The court wouldn’t give Nestle a break in its decade-long legal battle with US rival Mondelez, maker of Cadbury chocolate, over the four-fingered wafer biscuit which was first sold in 1935.

The ECJ did not cancel the trademark, as suggested by the court’s top advisor in April, but said the EU’s Intellectual Property Office (EUIPO) must go back to the drawing board and revisit its 2006 decision to grant Kit Kat an EU trademark based on its shape.

In 2006, the EUIPO allowed Nestle to trademark what the court calls the “three-dimensional shape of the ‘Kit Kat 4 fingers’ product.”

‘No one has won’

The court said Nestle had failed to provide evidence that the Kit Kat shape was well enough known in Belgium, Ireland, Greece and Portugal.

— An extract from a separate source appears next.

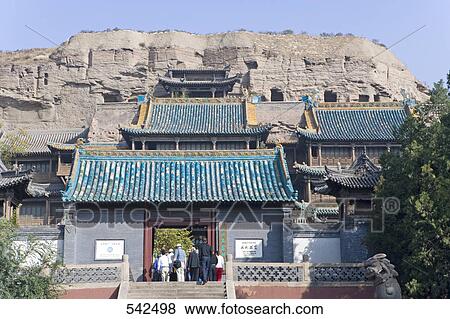 Tourists entering in temple, Yungang Buddhist Caves, Shaanxi Province, China View Large Photo Image Stock Photo - Tourists entering in temple, Yungang Buddhist Caves, Shaanxi Province, China . Fotosearch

A lower EU court “was right to annul the EU’s intellectual property office decision, in which it concluded that distinctive character had been acquired” without including those countries in the case, a statement said. The trade mark criteria “must be shown throughout the EU,” it continued.

“Today no one has won, no one has lost. Nestle has saved time because its brand remains registered for the time being,” a court source told French news agency AFP.

“But Nestle did lose a battle as it would have preferred a full confirmation of the EUIPO decision,” the source added.